Figure 1: The sponsored search with keywords generated by our model. The red/orange/blue keywords are the keywords which have more than 3/less than 3/no ads on the impression webpage respectively.

Advertising (ad for short) keyword suggestion is an important task for sponsored search which is one of the major types of online advertising and the major source of revenue for search companies. In sponsored search, a search engine first retrieves a set of advertisements whose keywords match a user issued query. It then ranks these advertising candidates according to an auction process by considering both the ad quality and the bid price of each ad [3]. Finally, the chosen advertisement is presented in a search result page. Therefore, ad keywords are vital for ads to gain access to the auction process and have the chance to be displayed on a search result page.

However, there are two common challenges that should be addressed in sponsored search. The first one is the keyword bidding problem: due to the Matthew effect [29], the hot ad keywords become too expensive for most of the advertisers, because too many advertisers bid on such keywords. As a result, many advertisers cannot survive in the auction process to get their desired ad impressions. As reported in [43], 55.3% advertisers have no ad impression, and 92.3% advertisers have no ad click at all, which is mainly caused by low bid price or improper keywords that they bid. The second issue is inefficient ad impressions: a substantial proportion of search queries, which are unpopular yet relevant to many ad keywords, have less competitive ads (46.6% search queries) even no ads (41.0% search queries) on their search result pages as reported in [43]. Because of the two reasons, the expectation of advertisers is not satisfied and the revenue of search engines is also not optimized.

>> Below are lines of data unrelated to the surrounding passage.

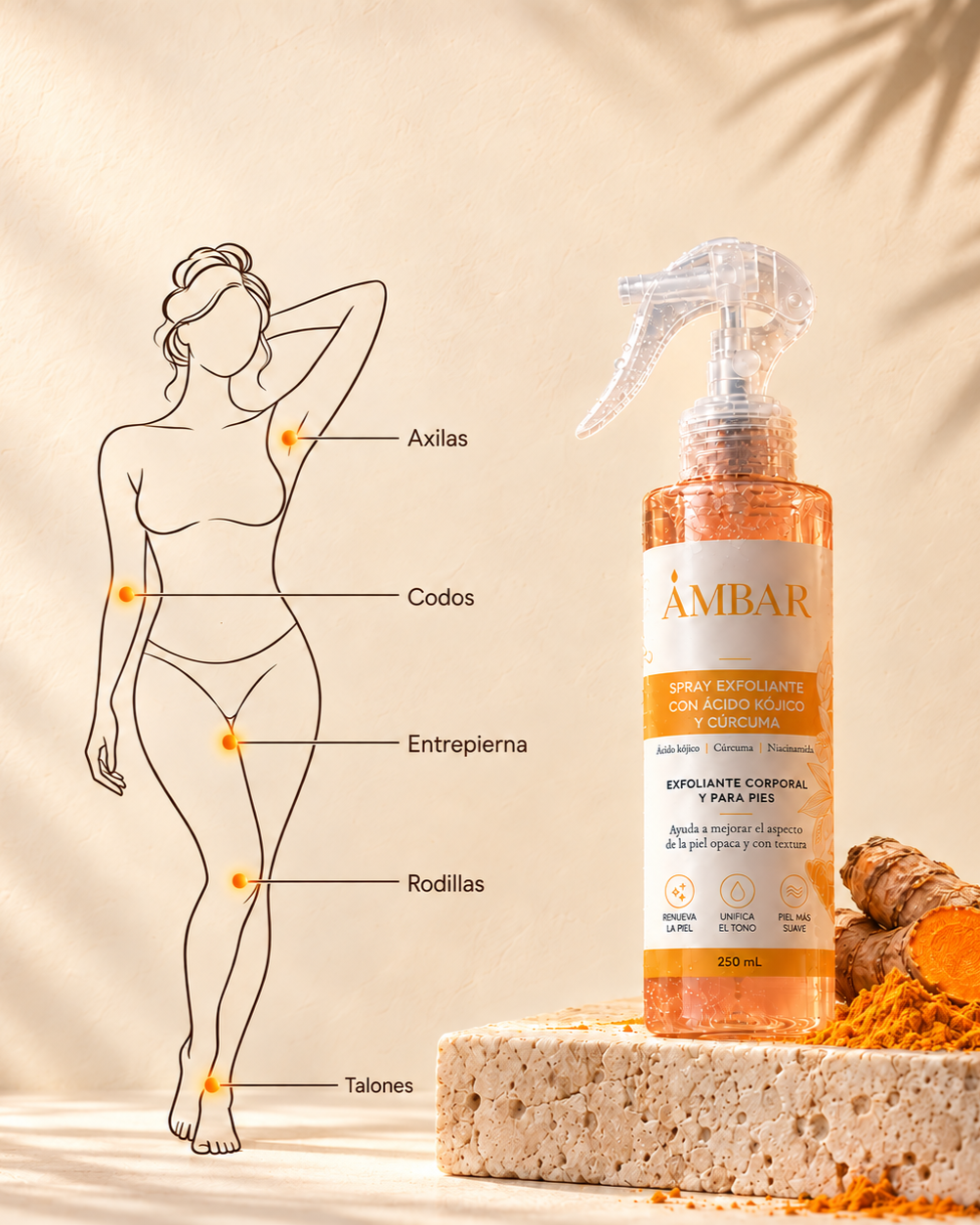 Exfoliante Ámbar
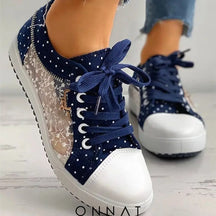 Emelly Jeans Sneakers Navy Blue / 34 Shoes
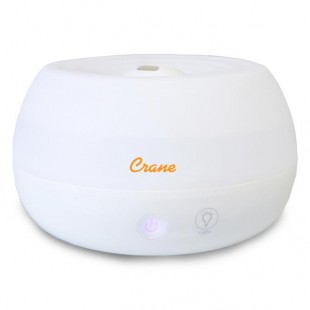 Crane Ultrasonic Personal Humidifier and Diffuser - White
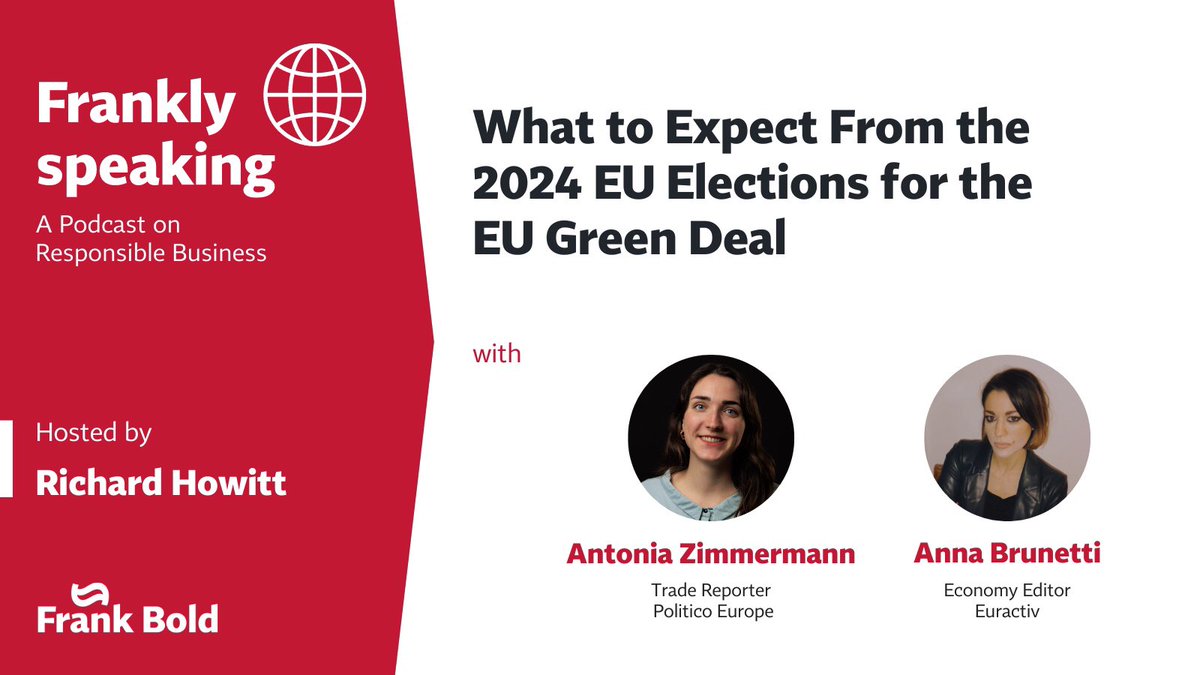 How will the European Elections impact the EU's commitment to fight climate change and champion business sustainability? Listen to the new edition of our #FranklySpeaking responsible business podcast: Spotify open.spotify.com/episode/4z2Q7r…
Apple podcasts.apple.com/de/podcast/50-… #climateaction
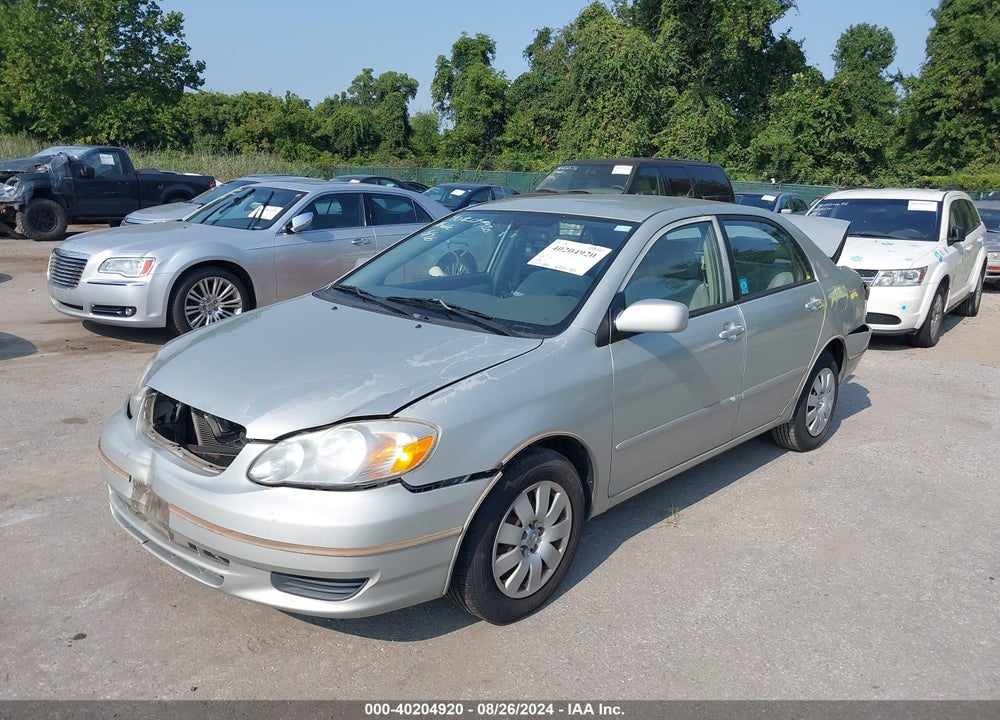 2003 TOYOTA COROLLA LE VIN: 2T1BR32E43C144041
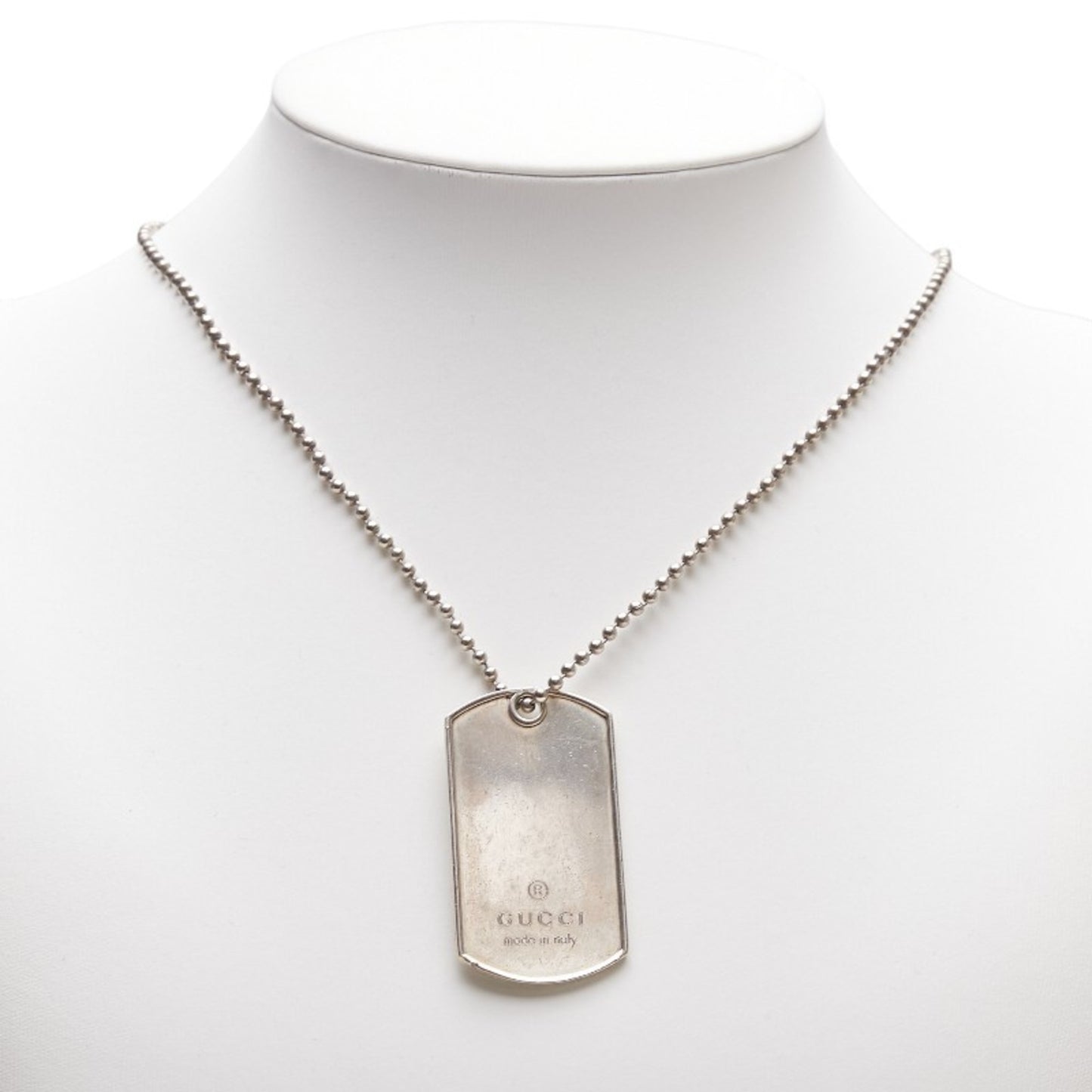 Gucci Dog Tag Necklace in SV925 Silver for Women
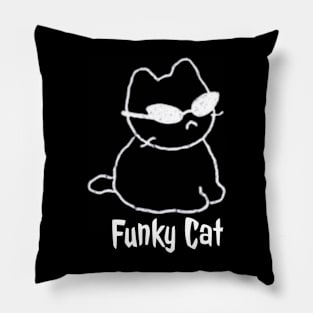 Funky Cat Pillow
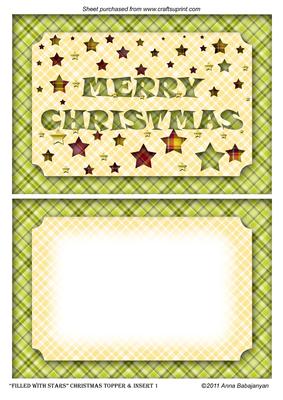 Filled with Stars Christmas Topper & Insert 1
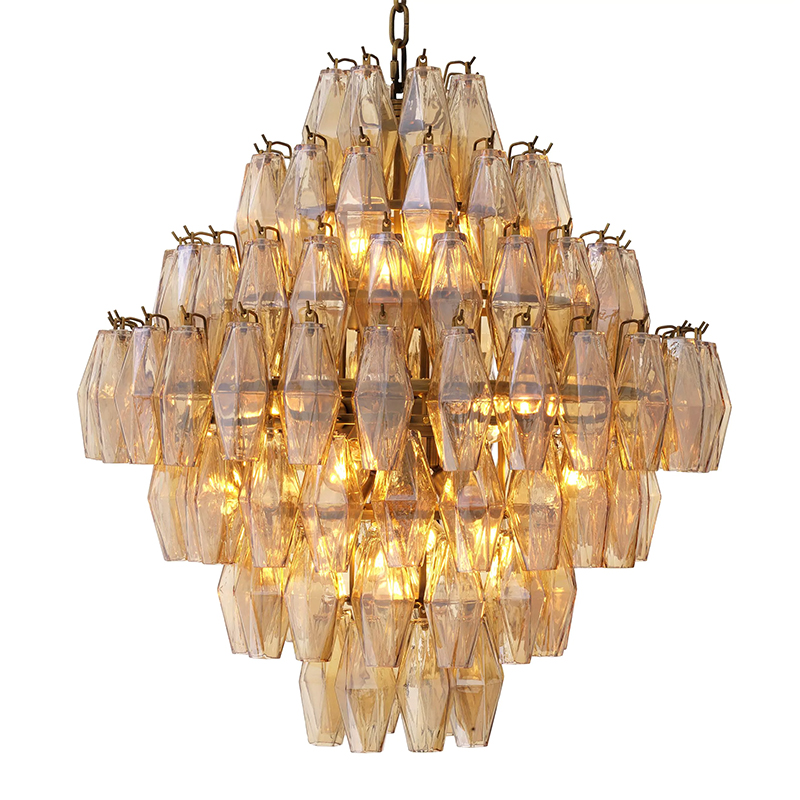 Люстра Eichholtz Chandelier Benini L Amber Янтарный Латунь Люстра Eichholtz Chandelier Benini L Amber Янтарный Латунь в Барнауле | Loft Concept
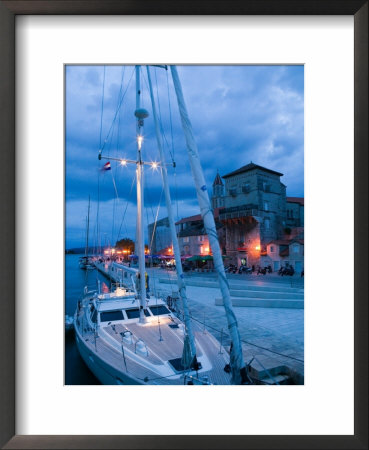 Sailboat In Harbor, Trogir, Croatia by Russell Young Pricing Limited Edition Print image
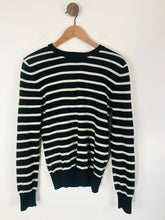 Load image into Gallery viewer, Autograph Women's Cashmere Striped Jumper | UK8 | Black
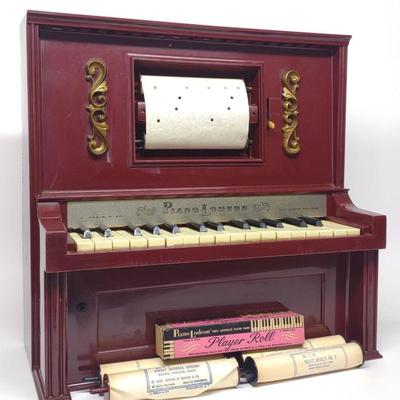 J Chein Piano Lodeon Toy Player Piano (Works)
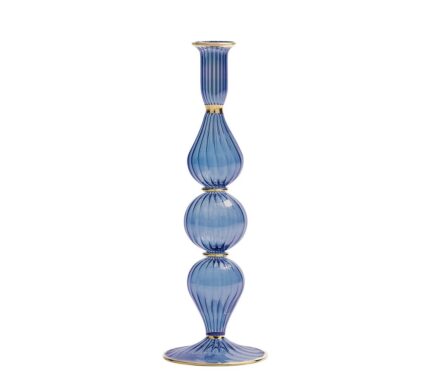 Snevayig Ripple Candle Holder in Blue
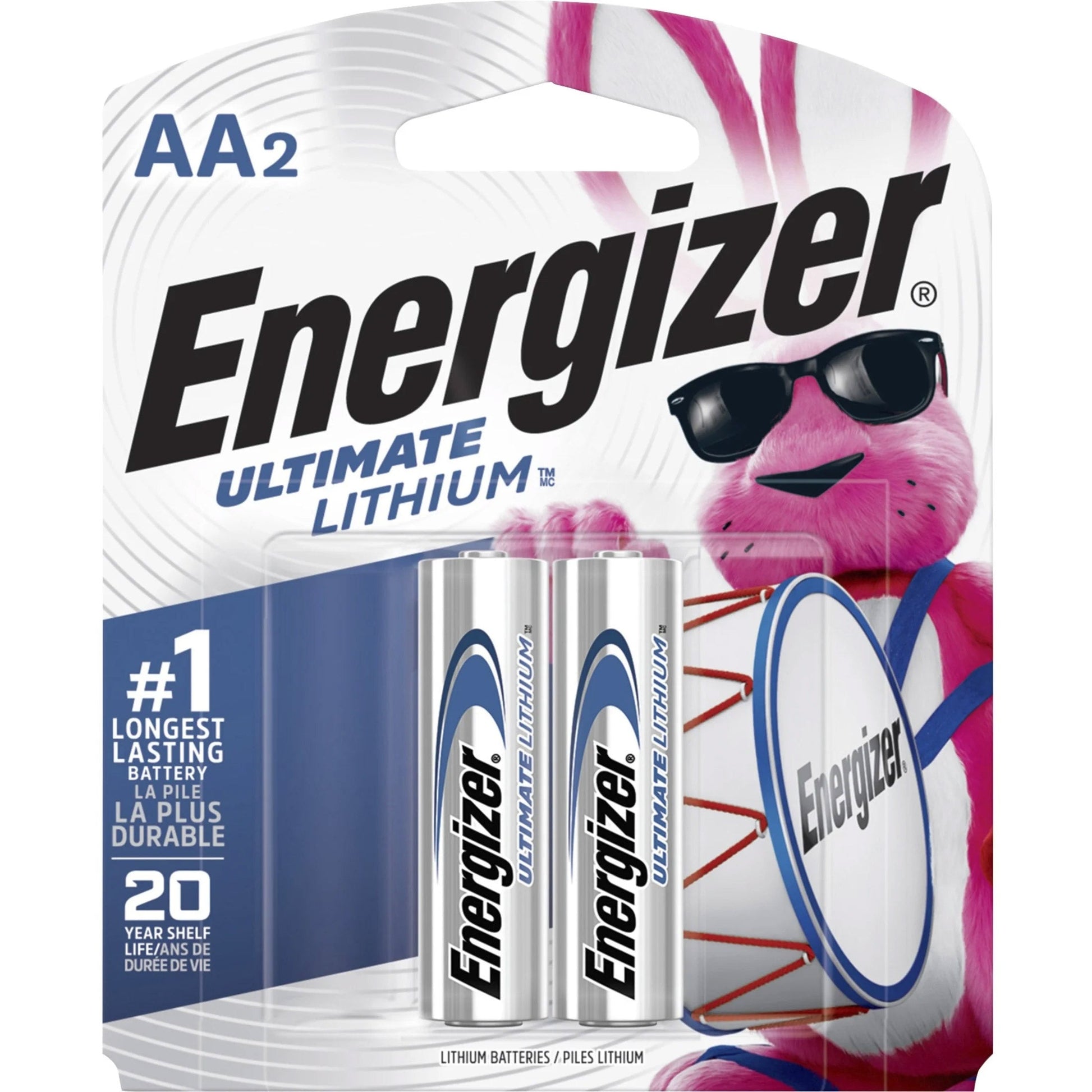 Energizer AA L91 Lithium Batteries - 2 Pack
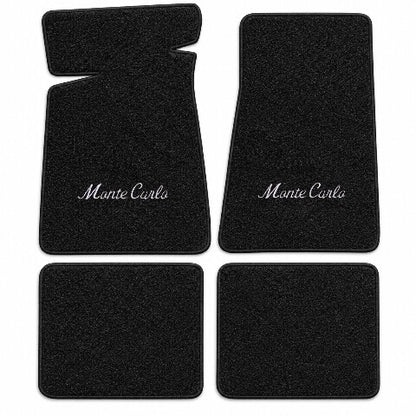 1982-1988 Chevy Monte Carlo Cutpile Floor Mats with Embroidered Logo Choices - 4-Piece - product details image 4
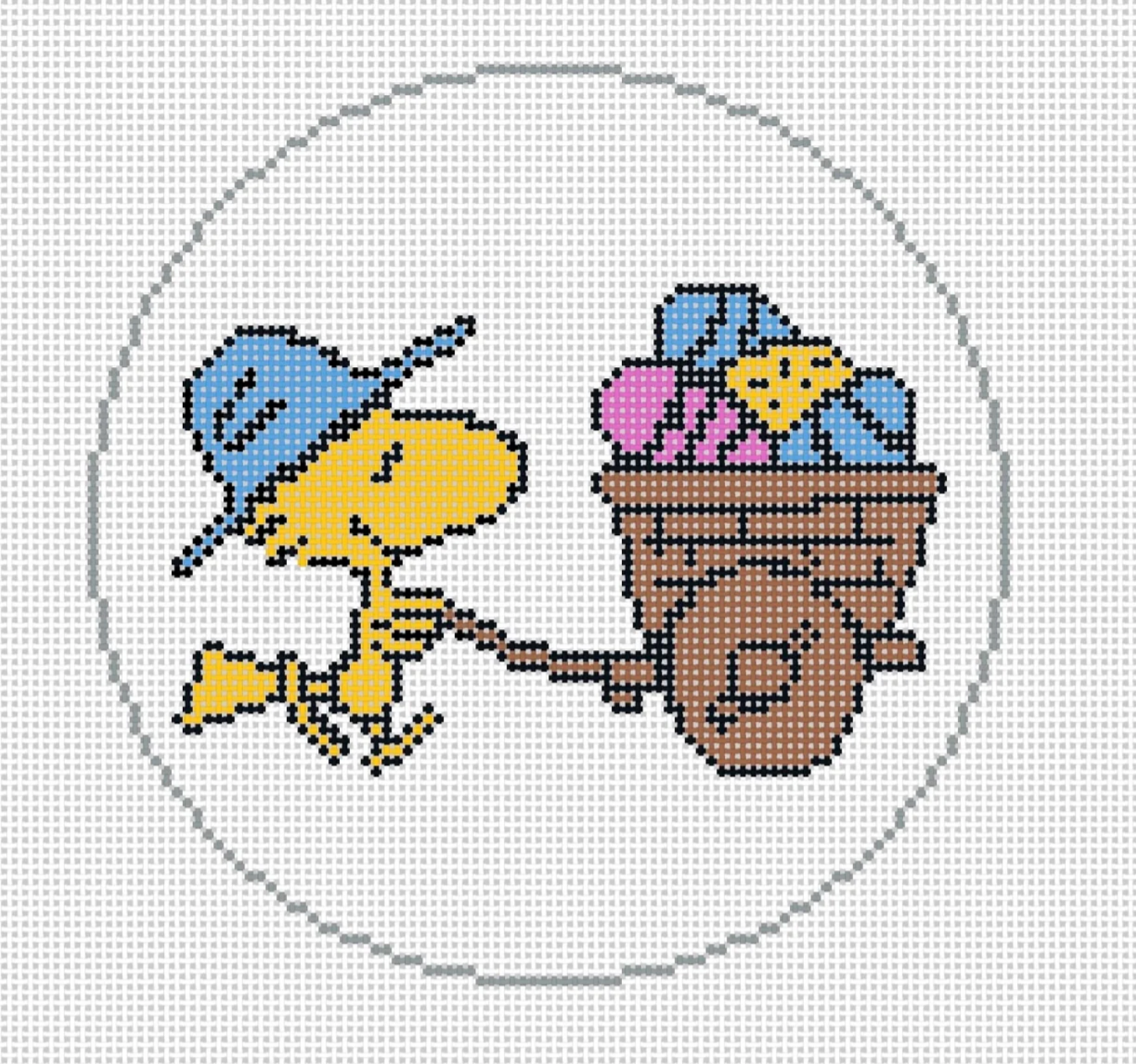 Woodstock w/Egg Wagon - PEANUTS Easter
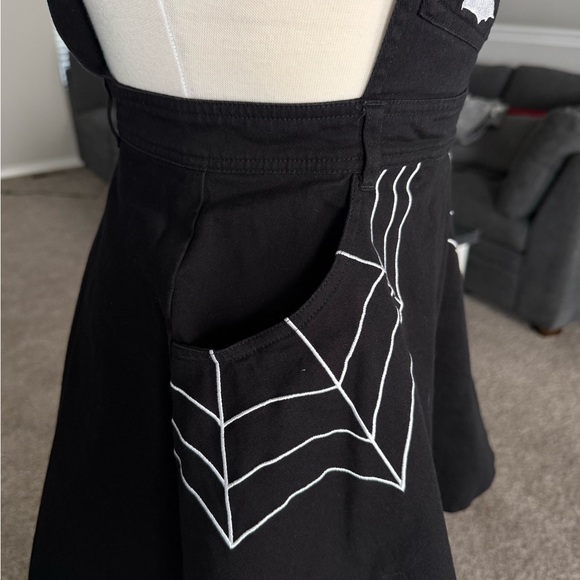 Hell Bunny Black Dress with White Embroidery - Picture 3 of 9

To address these problems, several prior studies have been conducted in keyword generation or suggestion [2, 8, 13, 23, 30]. Most of these studies adopt matching methods based on the word cooccurrence between ad keywords [8] and queries [13]. However, these methods tend to suggest popular keywords to advertisers, which will deteriorate the bidding competition. In addition, these approaches cannot suggest novel ad keywords which do not appear in the corpus.

Recently, deep learning technologies have been applied in many natural language tasks, such as machine translation [39], ad keyword suggestion [15], and query rewriting [18]. However, it’s not trivial to adapt these neural networks to the ad keyword generation task, due to two major challenges. First, the generated ad keywords should be diversified and relevant to the original keywords to cover more user queries, which is not supported by existing neural models applied in keyword and query generation tasks. Second, the generated ad keywords should satisfy many constraints in sponsored search. For instance, to provide relevant yet unexplored ads for users, it is necessary to satisfy the domain constraint which means that the generated keywords should belong to the domain of the source keyword or several appropriate domains. For instance, a keyword in the health care domain should only match the keywords from the same domain to ensure the ad quality, while a keyword from the information domain could match those from various domains, such as entertainment and shopping, to cover diverse user queries.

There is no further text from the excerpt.